Первая трансформация касается времени, нашего восприятия времени, а также того, как мы пользуемся временем, распоряжаемся им. Для определенного числа интеллектуалов время больше не является принципом, легко доступным пониманию. Идея прогресса, из которой следовала возможность объяснить «после» через «до», во многом показала свою несостоятельность, «сев на мель» XX века, покончившую с надеждами и иллюзиями, сопровождавшими большую часть «интеллектуального плавания» века XIX. Эта переоценка идеи прогресса, надо сказать, отсылает нас к нескольким различным констатациям: зверства мировых войн, тоталитарных режимов и политик геноцида по меньшей мере не свидетельствуют о моральном прогрессе человечества; конец «больших нарративов», то есть больших систем интерпретации, призванных дать отчет об эволюции всего человечества и не выполнивших эту задачу, судя по тому, как сбивались с пути и исчезали с мировой карты политические системы, официально основанные на некоторых из этих больших нарративов; общая неуверенность в наличии какого бы то ни было смысла в истории.
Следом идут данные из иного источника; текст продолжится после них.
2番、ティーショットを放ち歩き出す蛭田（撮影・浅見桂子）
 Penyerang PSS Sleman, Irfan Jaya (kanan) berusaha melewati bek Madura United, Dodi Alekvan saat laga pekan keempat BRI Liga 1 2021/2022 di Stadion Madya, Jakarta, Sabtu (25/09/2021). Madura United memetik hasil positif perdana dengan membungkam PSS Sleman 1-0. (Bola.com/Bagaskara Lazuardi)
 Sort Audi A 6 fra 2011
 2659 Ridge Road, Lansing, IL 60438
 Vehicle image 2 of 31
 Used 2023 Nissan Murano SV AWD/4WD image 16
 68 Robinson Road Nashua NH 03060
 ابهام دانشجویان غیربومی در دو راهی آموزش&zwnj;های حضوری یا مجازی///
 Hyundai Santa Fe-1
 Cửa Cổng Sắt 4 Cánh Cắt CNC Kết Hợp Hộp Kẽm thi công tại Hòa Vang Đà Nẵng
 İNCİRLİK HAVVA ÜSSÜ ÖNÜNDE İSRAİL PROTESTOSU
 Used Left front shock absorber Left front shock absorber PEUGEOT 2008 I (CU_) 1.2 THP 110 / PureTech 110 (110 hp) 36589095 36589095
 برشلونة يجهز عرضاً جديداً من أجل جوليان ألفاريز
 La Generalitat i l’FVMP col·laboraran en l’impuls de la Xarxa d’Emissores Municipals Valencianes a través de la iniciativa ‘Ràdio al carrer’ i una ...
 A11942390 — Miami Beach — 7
Эта вновь возникшая неуверенность странным образом напоминает ту, которую Поль Азар распознал на рубеже XVII-XVIII веков и в которой, как ему казалось, коренились причины «спора Новых и Древних» и кризиса европейского сознания. Сомнения Фонтенеля в истории касались главным образом ее метода (анекдотального и ненадежного), предмета (прошлое говорит нам лишь о людском безумии) и пользы (безусловно, скорее следует рассказывать молодым людям об эпохе в которой предстоит жить). Современные же историки, особенно во Франции, сомневаются в истории (как таковой. – Примеч. ред.), и это происходит не из-за технических или методологических ее несовершенств (как наука история достигла значительного прогресса), но по причине более общей: для них сложность представляет сама задача представить время познаваемой величиной, не говоря уже о принципе идентичности применительно ко времени.
Мы видим, что они уделяют особое внимание отдельным большим темам, нередко относимым к антропологии (семья, частная жизнь, памятные места). Эти исследования соответствуют интересу публики к старине, как будто историки рассказывают нашим современникам о том, кто они такие, через рассказ о тех, кем они больше не являются. Никто не выразился лучше об этом явлении, чем Пьер Нора в предисловии к первому тому «Мест памяти»[11]: он по сути показывает, что то, что мы ищем в процессе религиозного накопления свидетельств, документов, образов и любых других «видимых знаков всего, что было», есть не что иное, как наше отличие, и «вспышка ускользающей идентичности мелькает посреди зрелища этих различий. Не порождение, но расшифровка того, чем мы являемся, в свете того, чем мы прекратили быть».
Этот постулат соответствует и снижению значимости сартровской и марксистской философии первых послевоенных лет, для которых универсальной являлась, в конечном итоге, лишь истина частности, и тому, что можно было бы назвать вслед за многими другими авторами «постмодернистским чутьем», для которого один способ интерпретации стоит другого, а возникающее лоскутное одеяло способов интерпретации означает стирание современности – как если бы эволюция, породнясь с прогрессом, пришла к своей завершающей точке.